Let’s consider making churches more easily reproducible.
There are three costs involved in church planting. Each of which can be overcome by starting “simple churches” or “house churches” as some call them.
The Education Factor
The first cost is the expense associated with a seminary or even a Bible college education. Tuition costs are one thing but the time away from other options generates heavy human costs and a high threshold to ministry.

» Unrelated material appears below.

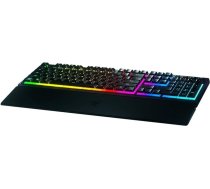 Razer Ornata V3 zema profila spēļu tastatūra (hibrīda slēdzis ar Mecha membrānu, taustiņi ar UV pārklājumu, mīksts magnētiskais plaukstas balsts, RGB Chrome), ES dizains, melns
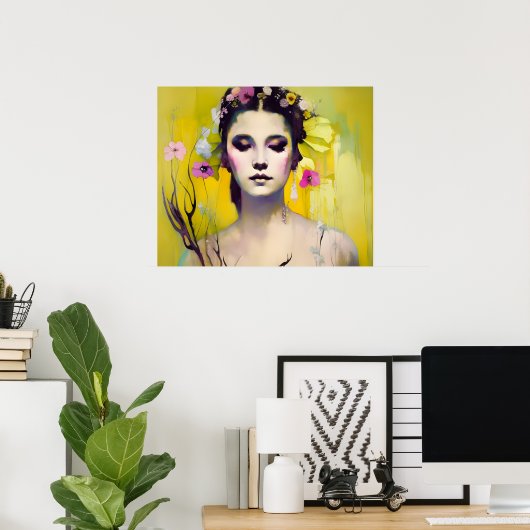 Spring Goddess Yellow Background Poster (Thuiskantoor)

As a Bible college graduate I spent the years I might have spent learning to make money going to a school that didn’t teach much about that. It worked out fine for me, but most of my classmates dropped out of pastoral ministry within a couple of years. They were crippled by the lack of a skillset capable of adequate care for their families. In effect they gave some of the best years of their lives, and a whole lot of money, just so I could glean an education and do whatever I’ve done in ministry. You might call the entire process a “tax.”
Another cost associated with seminaries and Bible colleges is removal of a potential leader from their home church.
For a while, we ran an in-house ministries institute because our seminary students lost touch with our church, even though the school was within driving distance of their homes and church. To our dismay, we soon discovered we caused the same effect. The homework load we put on them, plus their jobs, removed them from active ministry, where they would have gained hands-on experience. We eventually dropped the ministries institute for a more aggressive approach to training through disciplemaking. This problem was especially apparent with our 30-something pastoral candidates. They had full-time jobs, and families, plus schooling which left ministry sidelined.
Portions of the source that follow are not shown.